Roaring Redwoods: Julia Morgan Visits

Episode 3 is available right now (Amazon, Nook, Kindle)!

If you haven’t read Episode 3, well, as the saying goes: SPOILER ALERT

LC_TheRoaringRedwoods_ep3In A Shattered Silence, Julie Morgan visits Joseph Santone’s work site for his planned Riverwood Lodge.

In the 1920s, Julia Morgan was actively running a thriving architectural firm in Berkeley, California and overseeing one of her most notable projects: Hearst Castle. By 1925, it was quite far along and she was there several days each and every week, living with her work crews.

I knew Julia would be Joe’s first pick for architect because he came through San Francisco and stayed at the Fairmont. Julia rose to prominence when her bell tower at Mills College was one of the few structures to withstand the forces of the 1906 earthquake. From that, she was hired to restore the Fairmont which she did in a year and to much acclaim.

Julia had studied at UC Berkeley and in Paris.

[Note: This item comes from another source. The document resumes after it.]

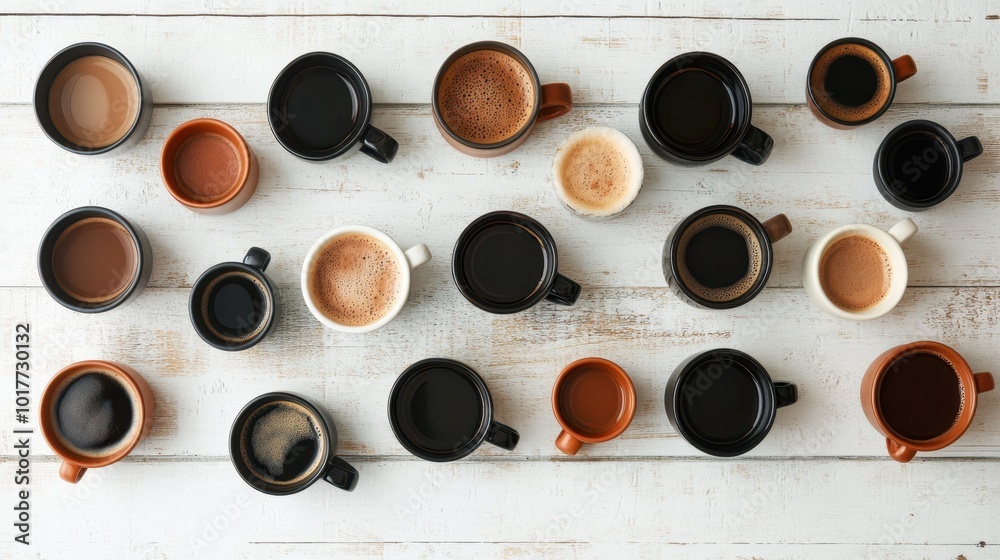 The Assorted Coffee Cup Collection The Assorted Coffee Cup Collection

In her early career, there is a heavy European influence with medieval and moorish influences obvious in her designs. But she was not stuck in the “dark ages”. She embraced new materials and techniques and combined old styles in new ways. It was her reinforced concrete technique (ridiculed by others till that earthquake) that made the bell tower stand.

Her later buildings show she was always evolving. The YWCA buildings at Asilomar reflect this as well as some of the residences and churches she designed in Berkeley.

Asilomar Lodge

It is this quality that makes me believe Julia’s advice to Helen would be keeping with her personality.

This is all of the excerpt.